> _Problem to solve_:
The line with "Also, if you" marks the first line to copy, and the line with "In the next one" marks the last. Transcribe that stretch of the data below exactly, without pictures.

> _Records supplied_:
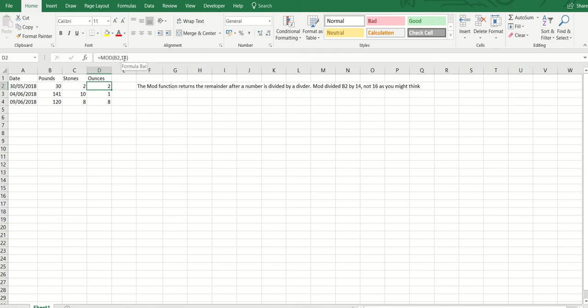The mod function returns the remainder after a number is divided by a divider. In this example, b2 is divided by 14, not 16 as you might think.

---

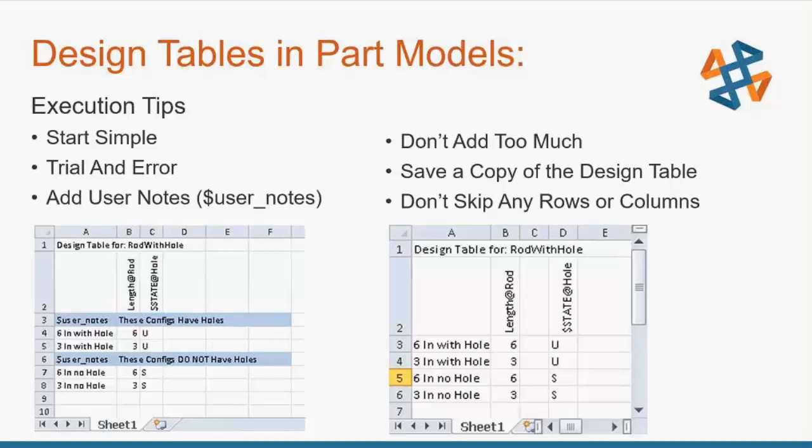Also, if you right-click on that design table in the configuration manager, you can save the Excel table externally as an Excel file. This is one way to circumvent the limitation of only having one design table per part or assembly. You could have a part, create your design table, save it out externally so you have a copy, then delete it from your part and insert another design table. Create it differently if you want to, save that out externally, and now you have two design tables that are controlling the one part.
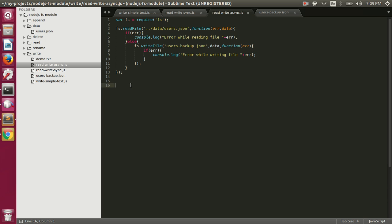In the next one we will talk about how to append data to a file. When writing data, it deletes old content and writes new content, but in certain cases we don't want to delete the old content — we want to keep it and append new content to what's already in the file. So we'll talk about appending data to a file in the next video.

> _Output below_:
Also, if you right-click on that design table in the configuration manager, you can save the Excel table externally as an Excel file. This is one way to circumvent the limitation of only having one design table per part or assembly. You could have a part, create your design table, save it out externally so you have a copy, then delete it from your part and insert another design table. Create it differently if you want to, save that out externally, and now you have two design tables that are controlling the one part.
In the next one we will talk about how to append data to a file. When writing data, it deletes old content and writes new content, but in certain cases we don't want to delete the old content — we want to keep it and append new content to what's already in the file. So we'll talk about appending data to a file in the next video.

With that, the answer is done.